HTTPS More Vulnerable To Traffic Analysis Attacks Than Suspected

msm1267 writes "Researchers have built new attack techniques against HTTPS traffic that have been effective in learning details on users' surfing habits, leaking sensitive data that could impact privacy. They tested against 600 leading healthcare, finance, legal services and streaming video sites, including Netflix. Their attack, they said in a research paper, reduced errors from previous methodologies more than 3 ½ times. They also demonstrate a defense against this attack that reduces the accuracy of attacks by 27 percent by increasing the effectiveness of packet level defenses in HTTPS, the paper said. 'We design our attack to distinguish minor variations in HTTPS traffic from significant variations which indicate distinct traffic contents,' the paper said. 'Minor traffic variations may be caused by caching, dynamically generated content, or user-specific content including cookies. Our attack applies clustering techniques to identify patterns in traffic.'"

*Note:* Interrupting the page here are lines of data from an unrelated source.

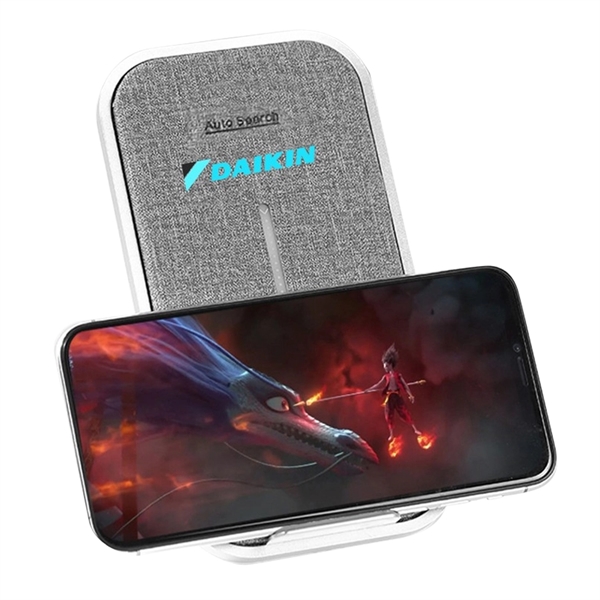 15W Fast Wireless Charger Auto Adjust Best Charging Position - Image 1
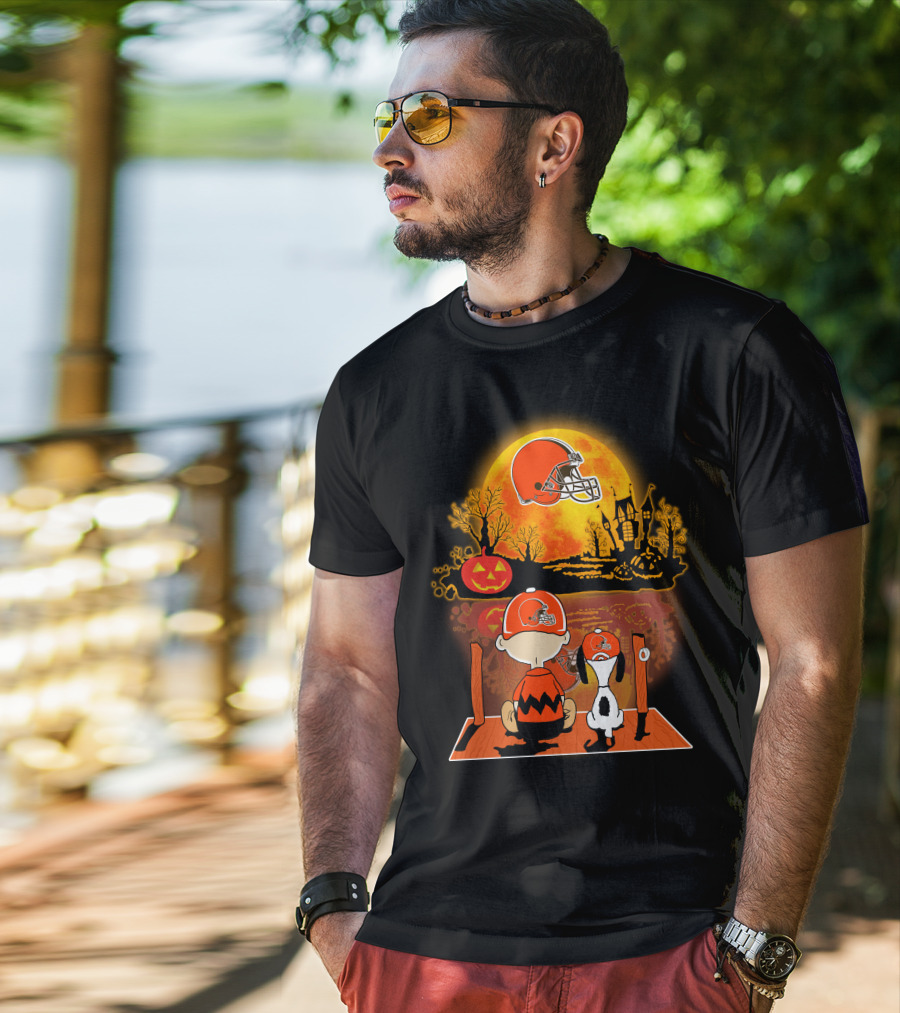 Cleveland Browns Halloween Snoopy Charlie Brown Pumpkin Moon Scene T-Shirt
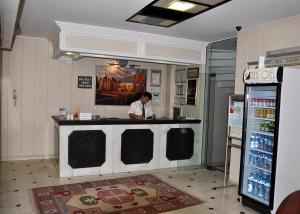 een vrouw die aan een toonbank in een winkel staat bij Grand Reis Hotel in Istanbul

The primary point not in abstratct but not summary

[JoshuaZ]

The most interesting bit is not in the summary. Given individual websites they could identify which specific webpage one was visiting thus leaking with high probability all sorts of medical, financial and legal information. Examples used include from medicine the websites of the Mayo Clinic and Planned Parenthood, from finance Wells Fargo and Bank of America, and from entertainment Youtube and Netflix. This sort of thing could be used for all sorts of surveillance or blackmail. Even just knowing what Youtube videos one is watching could be used for such ends.